Extract all records. Keep each one exact.

Source records:
• • •

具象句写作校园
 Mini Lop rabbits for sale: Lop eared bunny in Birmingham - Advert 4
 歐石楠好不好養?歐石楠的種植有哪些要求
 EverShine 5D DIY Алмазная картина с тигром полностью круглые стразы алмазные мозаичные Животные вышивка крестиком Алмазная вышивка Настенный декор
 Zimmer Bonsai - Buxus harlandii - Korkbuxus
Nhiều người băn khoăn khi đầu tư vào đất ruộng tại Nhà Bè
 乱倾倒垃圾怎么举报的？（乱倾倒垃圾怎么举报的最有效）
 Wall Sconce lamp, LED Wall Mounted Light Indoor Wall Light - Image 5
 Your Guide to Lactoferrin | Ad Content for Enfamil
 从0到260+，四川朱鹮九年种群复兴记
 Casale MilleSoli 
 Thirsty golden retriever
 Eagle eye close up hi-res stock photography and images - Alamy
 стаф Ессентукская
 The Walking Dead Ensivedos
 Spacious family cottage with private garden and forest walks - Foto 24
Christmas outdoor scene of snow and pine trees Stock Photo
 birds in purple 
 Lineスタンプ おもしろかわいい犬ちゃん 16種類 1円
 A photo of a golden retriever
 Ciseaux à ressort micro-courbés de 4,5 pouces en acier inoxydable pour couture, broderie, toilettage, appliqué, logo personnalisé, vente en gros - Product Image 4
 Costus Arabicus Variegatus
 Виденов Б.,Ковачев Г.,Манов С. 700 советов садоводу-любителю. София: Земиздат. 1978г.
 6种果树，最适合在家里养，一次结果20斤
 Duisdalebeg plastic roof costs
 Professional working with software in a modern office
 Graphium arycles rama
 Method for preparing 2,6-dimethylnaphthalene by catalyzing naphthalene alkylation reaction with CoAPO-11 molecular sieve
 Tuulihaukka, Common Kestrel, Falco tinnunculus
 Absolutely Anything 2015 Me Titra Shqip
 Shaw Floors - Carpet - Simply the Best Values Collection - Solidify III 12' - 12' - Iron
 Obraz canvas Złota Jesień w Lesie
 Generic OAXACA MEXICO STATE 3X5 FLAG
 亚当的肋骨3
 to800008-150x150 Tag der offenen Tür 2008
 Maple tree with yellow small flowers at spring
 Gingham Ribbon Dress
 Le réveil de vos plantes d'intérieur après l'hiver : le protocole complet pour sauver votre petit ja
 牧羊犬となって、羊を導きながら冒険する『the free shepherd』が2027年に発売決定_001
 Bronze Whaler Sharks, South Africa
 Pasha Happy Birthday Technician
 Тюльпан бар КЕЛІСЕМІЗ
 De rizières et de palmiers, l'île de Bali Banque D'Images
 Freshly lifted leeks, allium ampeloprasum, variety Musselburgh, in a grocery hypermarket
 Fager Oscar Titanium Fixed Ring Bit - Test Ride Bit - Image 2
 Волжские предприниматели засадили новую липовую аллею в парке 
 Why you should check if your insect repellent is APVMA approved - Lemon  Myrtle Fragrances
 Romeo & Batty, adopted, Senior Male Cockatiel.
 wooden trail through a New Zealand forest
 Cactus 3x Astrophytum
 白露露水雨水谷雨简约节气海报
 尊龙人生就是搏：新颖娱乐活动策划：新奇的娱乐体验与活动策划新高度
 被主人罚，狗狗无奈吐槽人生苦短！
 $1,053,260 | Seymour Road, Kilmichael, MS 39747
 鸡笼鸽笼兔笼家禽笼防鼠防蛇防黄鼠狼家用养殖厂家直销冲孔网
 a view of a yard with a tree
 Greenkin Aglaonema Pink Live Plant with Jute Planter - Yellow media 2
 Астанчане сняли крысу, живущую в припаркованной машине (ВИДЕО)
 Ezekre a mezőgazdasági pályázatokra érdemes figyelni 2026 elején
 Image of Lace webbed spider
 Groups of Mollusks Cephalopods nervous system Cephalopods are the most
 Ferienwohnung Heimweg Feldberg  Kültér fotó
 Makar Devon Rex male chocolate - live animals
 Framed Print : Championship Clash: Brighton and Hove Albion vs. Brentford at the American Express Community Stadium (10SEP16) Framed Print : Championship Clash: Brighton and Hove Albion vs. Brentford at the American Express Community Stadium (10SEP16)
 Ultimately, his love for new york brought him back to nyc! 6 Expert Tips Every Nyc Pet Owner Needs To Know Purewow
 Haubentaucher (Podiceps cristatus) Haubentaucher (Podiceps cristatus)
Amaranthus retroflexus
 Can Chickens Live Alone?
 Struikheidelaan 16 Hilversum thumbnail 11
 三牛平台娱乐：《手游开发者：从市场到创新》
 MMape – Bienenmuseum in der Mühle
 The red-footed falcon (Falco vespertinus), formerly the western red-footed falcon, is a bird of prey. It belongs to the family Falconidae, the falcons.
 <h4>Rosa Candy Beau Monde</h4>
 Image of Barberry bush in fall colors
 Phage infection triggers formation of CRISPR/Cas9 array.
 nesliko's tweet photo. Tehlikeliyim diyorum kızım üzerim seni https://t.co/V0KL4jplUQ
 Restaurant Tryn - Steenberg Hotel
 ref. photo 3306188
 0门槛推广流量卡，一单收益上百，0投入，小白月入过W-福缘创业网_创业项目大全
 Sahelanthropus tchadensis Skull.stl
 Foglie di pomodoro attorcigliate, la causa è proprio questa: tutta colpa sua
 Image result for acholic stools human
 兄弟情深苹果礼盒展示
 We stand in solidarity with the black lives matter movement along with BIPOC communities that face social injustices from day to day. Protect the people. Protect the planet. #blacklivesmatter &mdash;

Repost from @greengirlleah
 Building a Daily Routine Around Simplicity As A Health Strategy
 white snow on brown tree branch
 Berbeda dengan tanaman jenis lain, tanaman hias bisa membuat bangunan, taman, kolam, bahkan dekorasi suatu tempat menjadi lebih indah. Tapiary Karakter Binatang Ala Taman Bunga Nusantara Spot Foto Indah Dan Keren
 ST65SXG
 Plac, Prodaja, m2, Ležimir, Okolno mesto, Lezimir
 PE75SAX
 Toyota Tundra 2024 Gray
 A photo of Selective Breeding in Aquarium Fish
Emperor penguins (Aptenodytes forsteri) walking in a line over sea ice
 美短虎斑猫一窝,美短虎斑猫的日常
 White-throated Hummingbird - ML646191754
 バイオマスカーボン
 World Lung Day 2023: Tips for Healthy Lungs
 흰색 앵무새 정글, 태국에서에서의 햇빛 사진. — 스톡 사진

• • •

*RESPONSE AREA*
具象句写作校园
 Mini Lop rabbits for sale: Lop eared bunny in Birmingham - Advert 4
 歐石楠好不好養?歐石楠的種植有哪些要求
 EverShine 5D DIY Алмазная картина с тигром полностью круглые стразы алмазные мозаичные Животные вышивка крестиком Алмазная вышивка Настенный декор
 Zimmer Bonsai - Buxus harlandii - Korkbuxus
Nhiều người băn khoăn khi đầu tư vào đất ruộng tại Nhà Bè
 乱倾倒垃圾怎么举报的？（乱倾倒垃圾怎么举报的最有效）
 Wall Sconce lamp, LED Wall Mounted Light Indoor Wall Light - Image 5
 Your Guide to Lactoferrin | Ad Content for Enfamil
 从0到260+，四川朱鹮九年种群复兴记
 Casale MilleSoli 
 Thirsty golden retriever
 Eagle eye close up hi-res stock photography and images - Alamy
 стаф Ессентукская
 The Walking Dead Ensivedos
 Spacious family cottage with private garden and forest walks - Foto 24
Christmas outdoor scene of snow and pine trees Stock Photo
 birds in purple 
 Lineスタンプ おもしろかわいい犬ちゃん 16種類 1円
 A photo of a golden retriever
 Ciseaux à ressort micro-courbés de 4,5 pouces en acier inoxydable pour couture, broderie, toilettage, appliqué, logo personnalisé, vente en gros - Product Image 4
 Costus Arabicus Variegatus
 Виденов Б.,Ковачев Г.,Манов С. 700 советов садоводу-любителю. София: Земиздат. 1978г.
 6种果树，最适合在家里养，一次结果20斤
 Duisdalebeg plastic roof costs
 Professional working with software in a modern office
 Graphium arycles rama
 Method for preparing 2,6-dimethylnaphthalene by catalyzing naphthalene alkylation reaction with CoAPO-11 molecular sieve
 Tuulihaukka, Common Kestrel, Falco tinnunculus
 Absolutely Anything 2015 Me Titra Shqip
 Shaw Floors - Carpet - Simply the Best Values Collection - Solidify III 12' - 12' - Iron
 Obraz canvas Złota Jesień w Lesie
 Generic OAXACA MEXICO STATE 3X5 FLAG
 亚当的肋骨3
 to800008-150x150 Tag der offenen Tür 2008
 Maple tree with yellow small flowers at spring
 Gingham Ribbon Dress
 Le réveil de vos plantes d'intérieur après l'hiver : le protocole complet pour sauver votre petit ja
 牧羊犬となって、羊を導きながら冒険する『the free shepherd』が2027年に発売決定_001
 Bronze Whaler Sharks, South Africa
 Pasha Happy Birthday Technician
 Тюльпан бар КЕЛІСЕМІЗ
 De rizières et de palmiers, l'île de Bali Banque D'Images
 Freshly lifted leeks, allium ampeloprasum, variety Musselburgh, in a grocery hypermarket
 Fager Oscar Titanium Fixed Ring Bit - Test Ride Bit - Image 2
 Волжские предприниматели засадили новую липовую аллею в парке 
 Why you should check if your insect repellent is APVMA approved - Lemon  Myrtle Fragrances
 Romeo & Batty, adopted, Senior Male Cockatiel.
 wooden trail through a New Zealand forest
 Cactus 3x Astrophytum
 白露露水雨水谷雨简约节气海报
 尊龙人生就是搏：新颖娱乐活动策划：新奇的娱乐体验与活动策划新高度
 被主人罚，狗狗无奈吐槽人生苦短！
 $1,053,260 | Seymour Road, Kilmichael, MS 39747
 鸡笼鸽笼兔笼家禽笼防鼠防蛇防黄鼠狼家用养殖厂家直销冲孔网
 a view of a yard with a tree
 Greenkin Aglaonema Pink Live Plant with Jute Planter - Yellow media 2
 Астанчане сняли крысу, живущую в припаркованной машине (ВИДЕО)
 Ezekre a mezőgazdasági pályázatokra érdemes figyelni 2026 elején
 Image of Lace webbed spider
 Groups of Mollusks Cephalopods nervous system Cephalopods are the most
 Ferienwohnung Heimweg Feldberg  Kültér fotó
 Makar Devon Rex male chocolate - live animals
 Framed Print : Championship Clash: Brighton and Hove Albion vs. Brentford at the American Express Community Stadium (10SEP16) Framed Print : Championship Clash: Brighton and Hove Albion vs. Brentford at the American Express Community Stadium (10SEP16)
 Ultimately, his love for new york brought him back to nyc! 6 Expert Tips Every Nyc Pet Owner Needs To Know Purewow
 Haubentaucher (Podiceps cristatus) Haubentaucher (Podiceps cristatus)
Amaranthus retroflexus
 Can Chickens Live Alone?
 Struikheidelaan 16 Hilversum thumbnail 11
 三牛平台娱乐：《手游开发者：从市场到创新》
 MMape – Bienenmuseum in der Mühle
 The red-footed falcon (Falco vespertinus), formerly the western red-footed falcon, is a bird of prey. It belongs to the family Falconidae, the falcons.
 <h4>Rosa Candy Beau Monde</h4>
 Image of Barberry bush in fall colors
 Phage infection triggers formation of CRISPR/Cas9 array.
 nesliko's tweet photo. Tehlikeliyim diyorum kızım üzerim seni https://t.co/V0KL4jplUQ
 Restaurant Tryn - Steenberg Hotel
 ref. photo 3306188
 0门槛推广流量卡，一单收益上百，0投入，小白月入过W-福缘创业网_创业项目大全
 Sahelanthropus tchadensis Skull.stl
 Foglie di pomodoro attorcigliate, la causa è proprio questa: tutta colpa sua
 Image result for acholic stools human
 兄弟情深苹果礼盒展示
 We stand in solidarity with the black lives matter movement along with BIPOC communities that face social injustices from day to day. Protect the people. Protect the planet. #blacklivesmatter &mdash;

Repost from @greengirlleah
 Building a Daily Routine Around Simplicity As A Health Strategy
 white snow on brown tree branch
 Berbeda dengan tanaman jenis lain, tanaman hias bisa membuat bangunan, taman, kolam, bahkan dekorasi suatu tempat menjadi lebih indah. Tapiary Karakter Binatang Ala Taman Bunga Nusantara Spot Foto Indah Dan Keren
 ST65SXG
 Plac, Prodaja, m2, Ležimir, Okolno mesto, Lezimir
 PE75SAX
 Toyota Tundra 2024 Gray
 A photo of Selective Breeding in Aquarium Fish
Emperor penguins (Aptenodytes forsteri) walking in a line over sea ice
 美短虎斑猫一窝,美短虎斑猫的日常
 White-throated Hummingbird - ML646191754
 バイオマスカーボン
 World Lung Day 2023: Tips for Healthy Lungs
 흰색 앵무새 정글, 태국에서에서의 햇빛 사진. — 스톡 사진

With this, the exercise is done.